■ WHAT THE EXERCISE ASKS:
Print only the lines below from the one with "愛知県のサイベリアン (犬の" to the one with "Peacock Cactus 40720623", both included, exactly as they stand. Leave pictures out.

■ WORKING DATA:
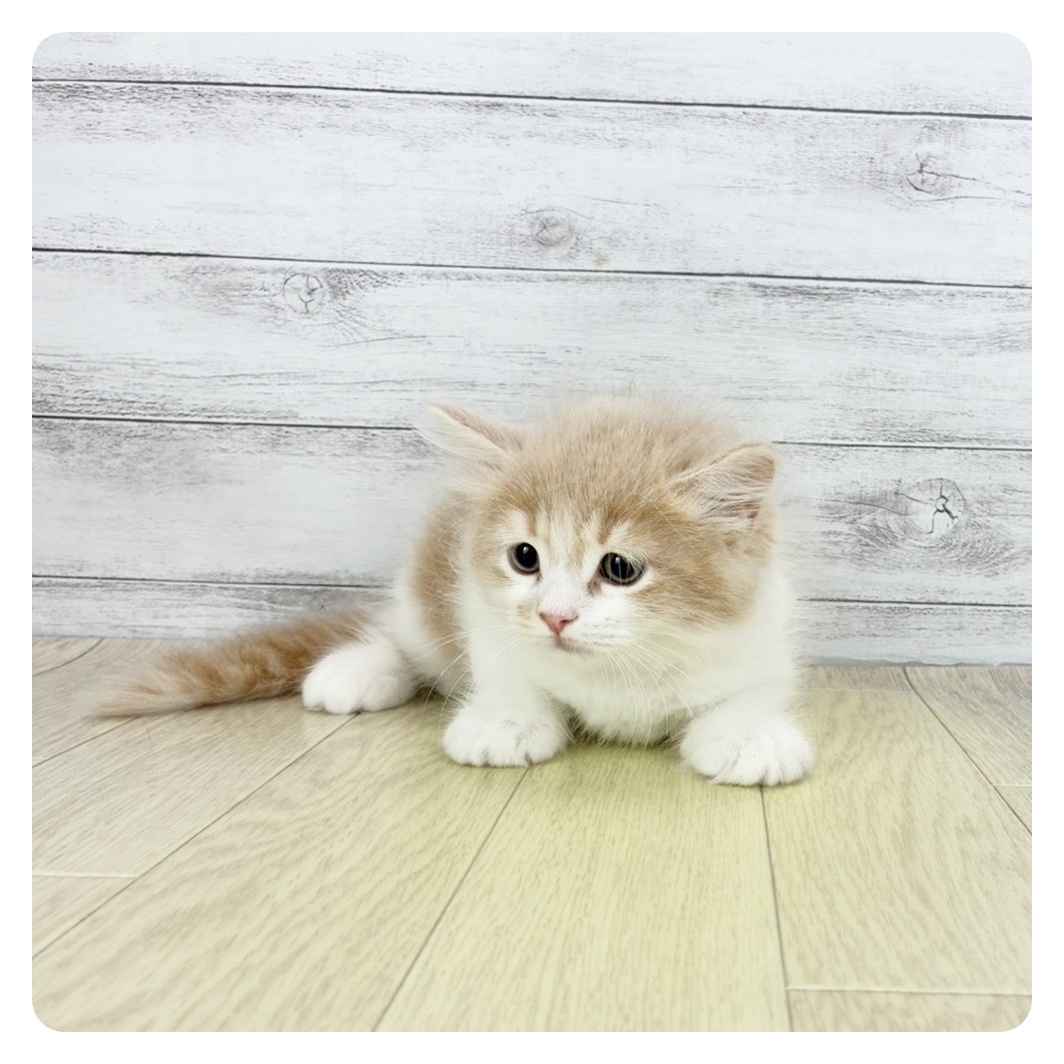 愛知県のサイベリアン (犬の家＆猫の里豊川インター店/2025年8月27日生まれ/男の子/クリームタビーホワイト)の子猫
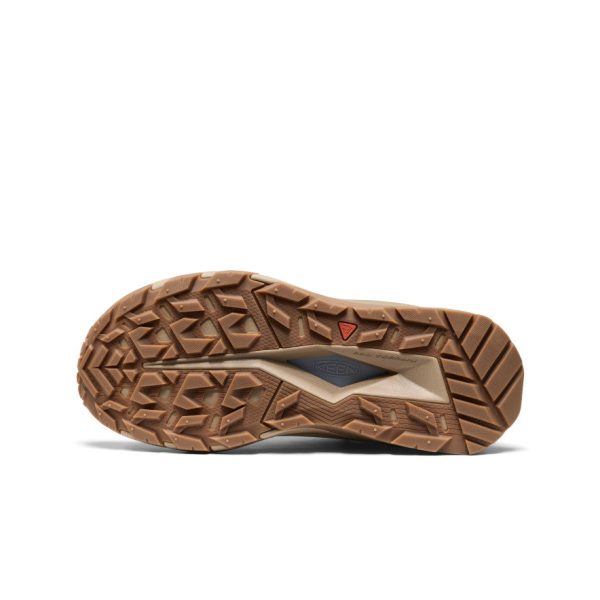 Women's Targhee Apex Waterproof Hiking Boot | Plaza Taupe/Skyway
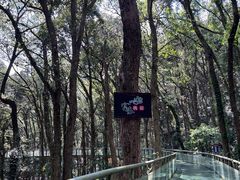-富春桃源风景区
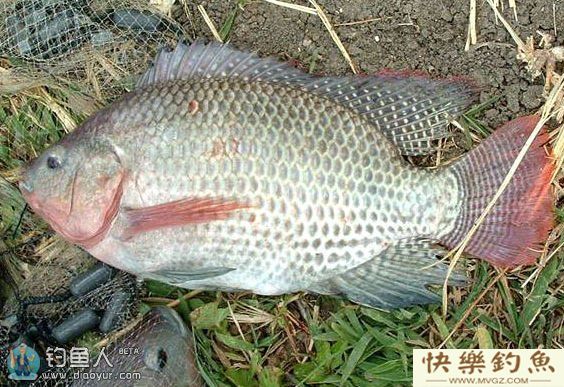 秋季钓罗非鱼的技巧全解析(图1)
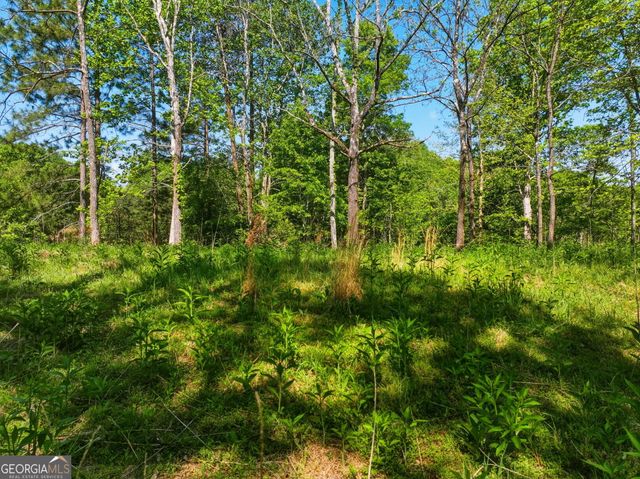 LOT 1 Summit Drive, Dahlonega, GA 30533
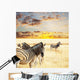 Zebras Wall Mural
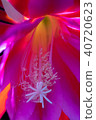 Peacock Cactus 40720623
* * *
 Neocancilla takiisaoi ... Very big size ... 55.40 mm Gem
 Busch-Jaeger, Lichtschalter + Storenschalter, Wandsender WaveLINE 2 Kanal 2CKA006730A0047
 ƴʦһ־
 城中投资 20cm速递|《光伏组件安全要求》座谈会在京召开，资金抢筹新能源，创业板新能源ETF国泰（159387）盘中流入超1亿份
---
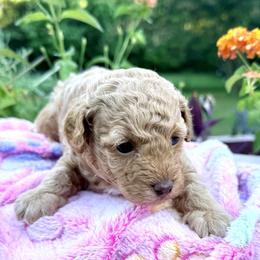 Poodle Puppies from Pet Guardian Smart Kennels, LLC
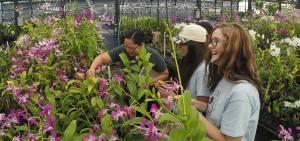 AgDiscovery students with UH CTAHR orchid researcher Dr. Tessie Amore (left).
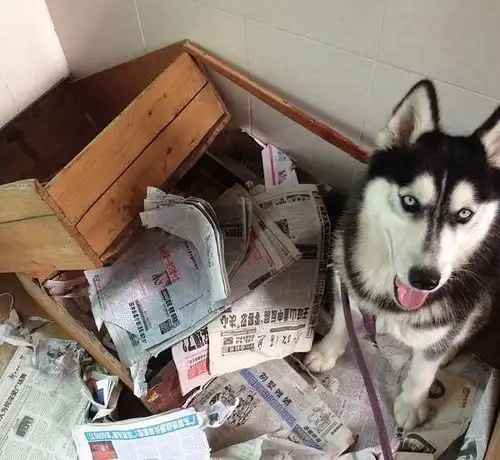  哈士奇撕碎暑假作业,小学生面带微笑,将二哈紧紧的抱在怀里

■ EXERCISE ANSWER:
 愛知県のサイベリアン (犬の家＆猫の里豊川インター店/2025年8月27日生まれ/男の子/クリームタビーホワイト)の子猫
 Women's Targhee Apex Waterproof Hiking Boot | Plaza Taupe/Skyway
-富春桃源风景区
 秋季钓罗非鱼的技巧全解析(图1)
 LOT 1 Summit Drive, Dahlonega, GA 30533
 Zebras Wall Mural
 Peacock Cactus 40720623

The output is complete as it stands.